Dalam masyarakat jenis ini
banyak bentuk kegiatan ekonomi dan pekerjaan dilakukan berdasarkan kepadatan
pengetahuan. Ia memberi contoh mengetik. Dulua dengan memencet tuts orang bisa
membuat kalimat, tetapi sekarang dengan adanya komputer sebelum memencet tuts
harus dimiliki serangkaian pengetahuan cara bekerja perangkat lunaknya.
Pakar manajemen lainnya
seperti Charles Handy, Michael Hammer atau Gary Hamel ataupun futurolog seperti
John Naisbit dan Alvin Tovler sudah meramalkan jauh-jauh hari akan datangnya
jenis pekerjaan otak ini. Dalam ungkapan Handy, aset sebuah organisasi tidak
lagi terletak pada properti atau benda-benda fisik lainnya tetapi pada sumber
daya manusia. Dan inti dari sumber daya manusia itupun adalah otaknya.
Sebenarnya kalau kita
cermat, Al Quran sudah mengisyaratkan akan lahirnya masyarakat pengetahuan itu
dengan ungkapan di ayat pertama, Iqra. Hanya tinggal manifestasi saja bagaimana
Iqra itu menjadi jalan kehidupan umat Islam, bukan sebagai jargon yang yang
dilafalkan.Membumikan istilah Iqra itulah merupakan tantangan umat Islam
sehingga tidak ketinggalan dalam budaya masyarakat pengetahuan.
Mengutip istilah Deputi PM
Anwar Ibrahim, umat Islam itu harus mampu menyumbangkan bagi peradaban yang
hidup di dunia, sejajar dengan peradaban lainnya. Dengan demikian etos kerja
harus merupakan bagian dari tradisi umat Islam, bukan tradisi masyarakat lain.
2.3.
Etika Kerja dalam Islam
Rasulullah SAW bersabda,
“Sesungguhnya Allah mencintai salah seorang diantara kamu yang melakukan
pekerjaan dengan itqon (tekun, rapi dan teliti).” (HR.
al-Baihaki)
Dalam memilih seseorang
ketika akan diserahkan tugas, rasulullah melakukannya dengan selektif.
Diantaranya dilihat dari segi keahlian, keutamaan (iman) dan kedalaman ilmunya.

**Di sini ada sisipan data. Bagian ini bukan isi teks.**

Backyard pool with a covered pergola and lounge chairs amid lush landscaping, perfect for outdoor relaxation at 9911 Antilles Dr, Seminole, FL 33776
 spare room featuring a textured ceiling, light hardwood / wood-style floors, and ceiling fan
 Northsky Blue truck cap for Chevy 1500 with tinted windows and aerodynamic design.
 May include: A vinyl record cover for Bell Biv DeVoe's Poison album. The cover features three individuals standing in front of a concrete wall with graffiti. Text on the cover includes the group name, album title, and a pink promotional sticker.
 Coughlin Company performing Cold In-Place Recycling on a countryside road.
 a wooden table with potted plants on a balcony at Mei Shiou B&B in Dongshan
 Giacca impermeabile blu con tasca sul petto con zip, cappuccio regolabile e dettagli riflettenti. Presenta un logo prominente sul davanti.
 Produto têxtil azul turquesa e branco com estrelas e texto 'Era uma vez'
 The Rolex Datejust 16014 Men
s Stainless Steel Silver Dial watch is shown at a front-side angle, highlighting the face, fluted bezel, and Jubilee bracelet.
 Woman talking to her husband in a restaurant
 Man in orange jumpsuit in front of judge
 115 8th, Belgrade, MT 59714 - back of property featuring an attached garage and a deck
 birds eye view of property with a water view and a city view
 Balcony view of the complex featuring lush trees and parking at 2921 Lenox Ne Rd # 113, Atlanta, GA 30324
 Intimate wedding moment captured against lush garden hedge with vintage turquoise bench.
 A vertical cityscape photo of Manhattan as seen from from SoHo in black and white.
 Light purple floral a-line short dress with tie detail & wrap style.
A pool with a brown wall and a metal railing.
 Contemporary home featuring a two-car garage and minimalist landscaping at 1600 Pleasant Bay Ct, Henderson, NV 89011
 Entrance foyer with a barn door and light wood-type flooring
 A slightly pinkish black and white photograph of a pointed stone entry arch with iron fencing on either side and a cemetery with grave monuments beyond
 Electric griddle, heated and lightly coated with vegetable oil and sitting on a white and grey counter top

Beliau senantiasa mengajak mereka agar itqon dalam bekerja.
Sebagaimana dalam awal
tulisan ini dikatakan bahwa banyak ayat al-Qur’an menyatakan kata-kata iman
yang diikuti oleh amal saleh yang orientasinya kerja dengan muatan ketaqwaan.
Penggunaan istilah
perniagaan, pertanian, hutang untuk mengungkapkan secara ukhrawi menunjukkan
bagaimana kerja sebagai amal saleh diangkatkan oleh Islam pada kedudukan
terhormat.
Pandangan Islam tentang
pekerjaan perlu kiranya diperjelas dengan usaha sedalam-dalamnya. Sabda Nabi
SAW yang amat terkenal bahwa nilai-nilai suatu bentuk kerja tergantung pada
niat pelakunya. Dalam sebuah hadits diriwayatkan oleh Bukhari dan Muslim,
Rasulullah bersabda bahwa “sesungguhnya (nilai) pekerjaan itu tergantung pada
apa yang diniatkan.” (HR. Bukhari dan Muslim).
Tinggi rendahnya nilai
kerja itu diperoleh seseorang tergantung dari tinggi rendahnya niat. Niat juga
merupakan dorongan batin bagi seseorang untuk mengerjakan atau tidak
mengerjakan sesuatu.
Nilai suatu pekerjaan
tergantung kepada niat pelakunya yang tergambar pada firman Allah SWT agar kita
tidak membatalkan sedekah (amal kebajikan) dan menyebut-nyebutnya sehingga mengakibatkan
penerima merasa tersakiti hatinya.
“ Hai orang-orang yang
beriman, janganlah kamu menghilangkan (pahala) sedekahmu dengan
menyebut-nyebutnya dan menyakiti (perasaan si penerima), seperti orang yang
menafkahkan hartanya Karena riya kepada manusia dan dia tidak beriman kepada
Allah dan hari kemudian…” (al-Baqarah : 264)
Keterkaitan ayat-ayat di
atas memberikan pengertian bahwa taqwa merupakan dasar utama kerja, apapun
bentuk dan jenis pekerjaan, maka taqwa merupakan petunjuknya. Memisahkan antara
taqwa dengan iman berarti mengucilkan Islam dan aspek kehidupan dan membiarkan
kerja berjalan pada wilayah kemashlahatannya sendiri. Bukan kaitannya dalam
pembangunan individu, kepatuhan kepada Allah SWT serta pengembangan umat
manusia.
Perlu kiranya dijelaskan
disini bahwa kerja mempunyai etika yang harus selalu diikut sertakan
didalamnya, oleh karenanya kerja merupakan bukti adanya iman dan barometer bagi
pahala dan siksa. Hendaknya setiap pekerjaan disampung mempunyai tujuan akhir
berupa upah atau imbalan, namun harus mempunyai tujuan utama, yaitu memperoleh
keridhaan Allah SWT. Prinsip inilah yang harus dipegang teguh oleh umat Islam
sehingga hasil pekerjaan mereka bermutu dan monumental sepanjang zaman.
Jika bekerja menuntut
adanya sikap baik budi, jujur dan amanah, kesesuaian upah serta tidak
diperbolehkan menipu, merampas, mengabaikan sesuatu dan semena-mena, pekerjaan
harus mempunyai komitmen terhadap agamanya, memiliki motivasi untuk menjalankan
seperti bersungguh-sungguh dalam bekerja dan selalu memperbaiki muamalahnya.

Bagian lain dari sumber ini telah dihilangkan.